Lo que no le habrían informado al señor Türk es que toda esta tragedia se debe más bien a la enorme corrupción que se ha apoderado del país, con el impacto tan negativo que tiene en el disfrute de los derechos humanos, un tema que no habría sido examinado en las reuniones que sostuvo con las autoridades, pero sobre el que seguramente ha sido informado por su oficina en Caracas.

El alto comisionado tampoco dijo nada acerca de la destrucción del Arco Minero y del ambiente, de la discriminación y el sometimiento de los pueblos indígenas por las mafias de civiles y militares amparados por las autoridades. Y lo que dijo de los migrantes venezolanos, lamentablemente, no refleja la realidad, por cuanto los que han huido no regresarán tan fácilmente mientras las condiciones de vida sigan iguales, es decir, mientras exista discriminación y persecución y en tanto continúe la destrucción del país. No se trata de la obligación del Estado de facilitar un retorno seguro de los venezolanos que han huido de esta tragedia, sino de la obligación del Estado de garantizar todos los derechos humanos para evitar que aumenten los desplazamientos hacia el exterior.
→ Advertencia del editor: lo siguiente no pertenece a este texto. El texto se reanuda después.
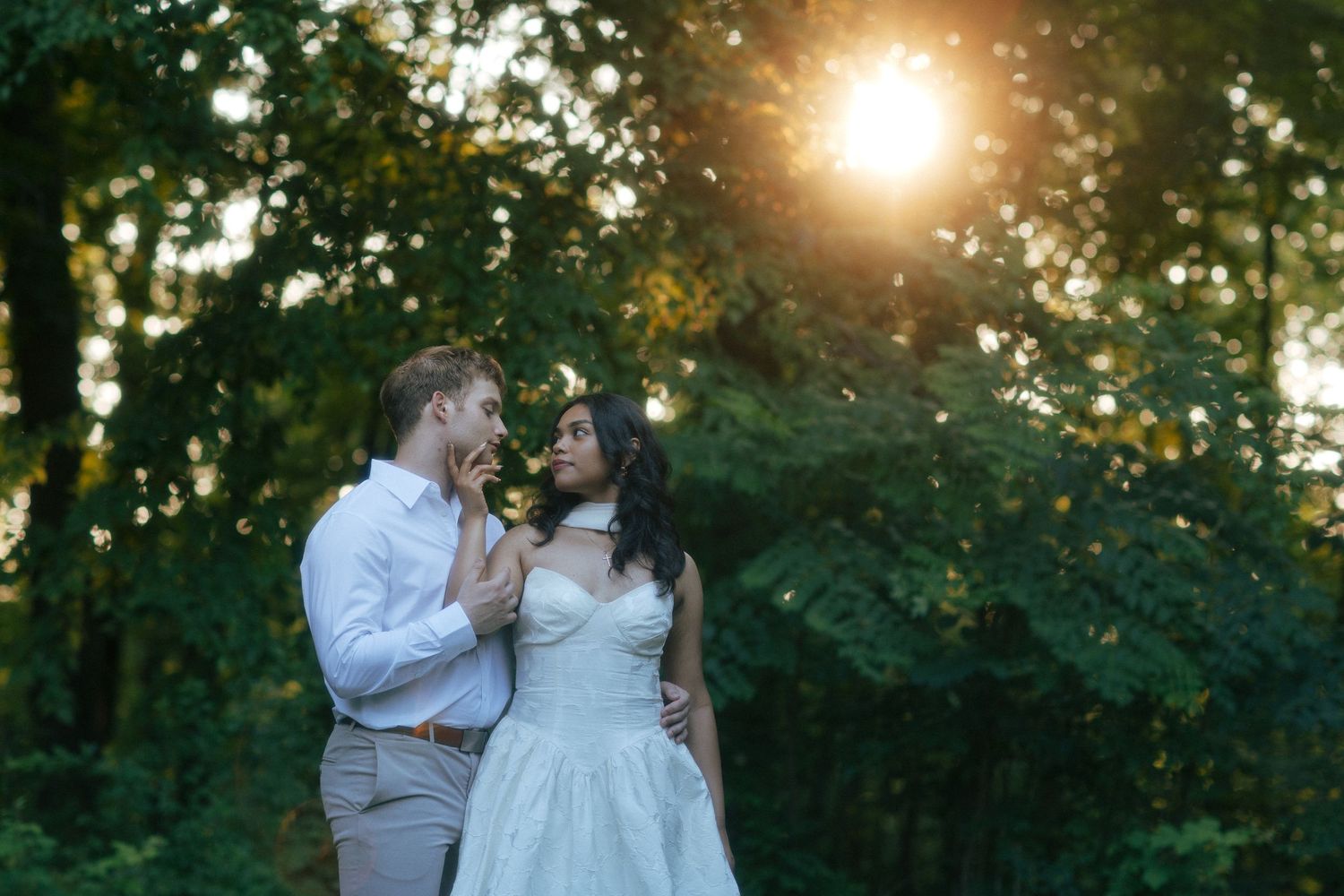 Bride and groom share a romantic moment in a sunlit forest, golden light streaming through lush green trees.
La visita del alto funcionario, con sus aciertos y debilidades, no deja sin embargo de ser alentadora. Ella muestra que el tema de Venezuela sigue siendo importante para la oficina de la ONU y para el sistema internacional de protección de los derechos humanos y que nuestra situación sigue siendo una preocupación de la comunidad internacional. Es cierto que la visita y sus resultados no aliviarán en el corto plazo el sufrimiento de los presos políticos, ni garantizará su liberación, tampoco detendrá la persecución ni las torturas, ni favorecerá el disfrute de nuestros derechos económicos y sociales; pero evidencia muy claramente la realidad del país que ha quedado una vez más al descubierto, confirmando lo que tantos organismos internacionales y organizaciones no gubernamentales han dicho sobre nuestra realidad.